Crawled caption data
++++

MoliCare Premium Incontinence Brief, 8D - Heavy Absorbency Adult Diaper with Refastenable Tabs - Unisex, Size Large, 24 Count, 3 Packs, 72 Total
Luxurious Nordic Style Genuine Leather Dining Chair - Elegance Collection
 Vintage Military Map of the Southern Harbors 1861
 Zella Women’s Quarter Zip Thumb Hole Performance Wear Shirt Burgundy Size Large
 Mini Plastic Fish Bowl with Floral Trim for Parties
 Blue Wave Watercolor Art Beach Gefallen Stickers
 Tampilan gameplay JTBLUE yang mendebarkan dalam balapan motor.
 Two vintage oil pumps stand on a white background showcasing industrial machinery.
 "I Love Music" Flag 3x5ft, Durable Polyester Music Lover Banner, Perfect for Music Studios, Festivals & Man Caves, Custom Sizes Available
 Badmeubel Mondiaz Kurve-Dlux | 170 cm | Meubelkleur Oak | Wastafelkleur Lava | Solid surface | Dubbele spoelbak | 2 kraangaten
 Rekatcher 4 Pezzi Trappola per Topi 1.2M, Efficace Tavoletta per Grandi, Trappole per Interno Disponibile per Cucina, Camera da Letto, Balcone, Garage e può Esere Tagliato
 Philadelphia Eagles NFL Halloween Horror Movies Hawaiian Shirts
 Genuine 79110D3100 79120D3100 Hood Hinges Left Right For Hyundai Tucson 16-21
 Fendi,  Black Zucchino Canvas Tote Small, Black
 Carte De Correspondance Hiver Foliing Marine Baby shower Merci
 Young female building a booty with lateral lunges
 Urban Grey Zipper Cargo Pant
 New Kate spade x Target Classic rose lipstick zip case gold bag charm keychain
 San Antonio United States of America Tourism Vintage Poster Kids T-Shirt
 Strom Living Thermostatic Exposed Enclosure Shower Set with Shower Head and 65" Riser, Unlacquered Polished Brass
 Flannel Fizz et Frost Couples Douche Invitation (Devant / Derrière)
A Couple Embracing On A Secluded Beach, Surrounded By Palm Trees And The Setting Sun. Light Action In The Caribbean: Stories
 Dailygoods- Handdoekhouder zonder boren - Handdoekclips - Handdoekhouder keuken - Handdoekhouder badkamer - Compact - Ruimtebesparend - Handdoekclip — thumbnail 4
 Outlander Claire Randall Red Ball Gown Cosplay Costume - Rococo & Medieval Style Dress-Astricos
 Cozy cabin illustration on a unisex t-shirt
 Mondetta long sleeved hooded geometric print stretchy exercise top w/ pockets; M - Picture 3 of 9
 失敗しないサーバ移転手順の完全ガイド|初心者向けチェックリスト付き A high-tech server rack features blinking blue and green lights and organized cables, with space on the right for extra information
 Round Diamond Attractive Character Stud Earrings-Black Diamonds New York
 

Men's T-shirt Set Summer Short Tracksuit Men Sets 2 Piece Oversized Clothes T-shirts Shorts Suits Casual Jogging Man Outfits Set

++++

REQUIREMENT: Write down exactly the span of lines above from the one containing "Custom Sizes Available" to the one containing "Badmeubel Mondiaz Kurve-Dlux", both ends included.

EXERCISE ANSWER:
 "I Love Music" Flag 3x5ft, Durable Polyester Music Lover Banner, Perfect for Music Studios, Festivals & Man Caves, Custom Sizes Available
 Badmeubel Mondiaz Kurve-Dlux | 170 cm | Meubelkleur Oak | Wastafelkleur Lava | Solid surface | Dubbele spoelbak | 2 kraangaten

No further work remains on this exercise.